Una sociedad civil fragmentaria, de baja intensidad, aceptará sin mayores cuestionamientos los desvelos de la sociedad política por «la gente» o por «los vecinos» e incluso valorará como elaboraciones superiores de esta idea ciertos eslóganes propagandísticos como "Salta la linda será también Salta la justa", "haciendo realidad la esperanza", "el orgullo de ser salteño" o "colocando al hombre en el centro de la escena política".
Se produce aquí otra situación paradojal: Mientras que la política necesita de un continuo fluir de ideas para seguir funcionando, nuestros actores políticos más visibles no parecen especialmente dotados a la hora de poner en circulación nuevos pensamientos que enriquezcan el debate político. Se tiende a confundir interesadamente el debate de ideas y el debate programático con el debate ideológico y con el bazar persa de «las propuestas», un terreno en el que muchos activos de la política se sienten muy cómodos, como aquel que conoce de antemano el final de la película.

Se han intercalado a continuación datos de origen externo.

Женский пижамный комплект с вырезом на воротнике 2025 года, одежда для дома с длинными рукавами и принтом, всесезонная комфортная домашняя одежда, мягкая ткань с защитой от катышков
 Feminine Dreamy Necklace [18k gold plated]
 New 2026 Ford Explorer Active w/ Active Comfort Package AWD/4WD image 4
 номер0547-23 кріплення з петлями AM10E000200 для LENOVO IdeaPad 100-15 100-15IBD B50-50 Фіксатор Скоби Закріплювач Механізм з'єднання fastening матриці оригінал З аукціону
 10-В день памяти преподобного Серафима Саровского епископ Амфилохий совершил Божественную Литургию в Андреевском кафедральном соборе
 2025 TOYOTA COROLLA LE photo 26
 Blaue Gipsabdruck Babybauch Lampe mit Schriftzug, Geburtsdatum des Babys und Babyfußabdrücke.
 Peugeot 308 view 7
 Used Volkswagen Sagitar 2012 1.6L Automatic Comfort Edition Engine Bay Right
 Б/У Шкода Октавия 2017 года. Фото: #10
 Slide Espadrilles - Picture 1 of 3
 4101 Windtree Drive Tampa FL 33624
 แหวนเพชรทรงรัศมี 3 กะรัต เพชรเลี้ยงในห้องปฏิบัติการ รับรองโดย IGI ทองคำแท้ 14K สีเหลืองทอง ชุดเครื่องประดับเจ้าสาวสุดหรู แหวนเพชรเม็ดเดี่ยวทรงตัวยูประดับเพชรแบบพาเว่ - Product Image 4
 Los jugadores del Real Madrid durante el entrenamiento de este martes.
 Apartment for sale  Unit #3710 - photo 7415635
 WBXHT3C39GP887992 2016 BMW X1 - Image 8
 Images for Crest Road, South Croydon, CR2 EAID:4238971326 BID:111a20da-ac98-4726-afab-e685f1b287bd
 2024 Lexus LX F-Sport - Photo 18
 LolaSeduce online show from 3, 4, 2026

Pero es sabido que así como la ideología es la negación de la política, el debate ideológico representa la negación del debate de las ideas políticas. Lo auténticamente desafiante es hacer frente a ideas nuevas, a ideas que pongan en entredicho verdades establecidas e, incluso, que proyecten una mirada crítica sobre la vida y obra de algunos «líderes fundacionales» del pensamiento político nacional.
Conclusión
Más tarde o más temprano la política de Salta deberá afrontar su propia renovación. La «política sin ideas» que abanderó el justicialismo desde 1983 en adelante y que propició la «explosión por simpatía» del resto de partidos, tiene los días contados.El salteño medio se pregunta cada vez con más insistencia cuál es la razón moral que justifique que un conjunto más o menos afortunado y sumamente reducida de grupos de interés o de «familias» controle todos los mecanismos del poder y mantenga cautiva la política en Salta, una actividad que, desafortunadamente, no todo mundo percibe como llamada a servir a todos los ciudadanos por igual.
No está lejano el tiempo en que los políticos volverán a ser auténticos portadores de ideas como lo son hoy de maquillaje y de compromisos con los intereses más poderosos y más comprometidos con el mantenimiento de la clamorosa desigualdad social.
Es duro reconocerlo y muy aventurado plantearlo, pero una operación profunda y decidida de rescate de la política de las ideas al servicio del conjunto social requiere hoy de una moratoria electoral (o una medida análoga que asegure que las elecciones no propiciarán el bloqueo permanente de los procesos de cambio) que permita la reformulación total del sistema de partidos y consecución de las reformas necesarias para potenciar la fortaleza del tejido social.
Si nuestras elecciones no movilizaran, como lo hacen, tan ingente cantidad de recursos -incluida la inmoral y gigantesca manipulación de las emociones populares- tal moratoria no sería quizá necesaria.
Pero en un escenario de elecciones bianuales, con cuatro o seis elecciones cada bienio, con campañas muy largas y muy caras, con candidatos pudientes que apuestan a la política auténticas fortunas como en la ruleta, ningún cambio es posible.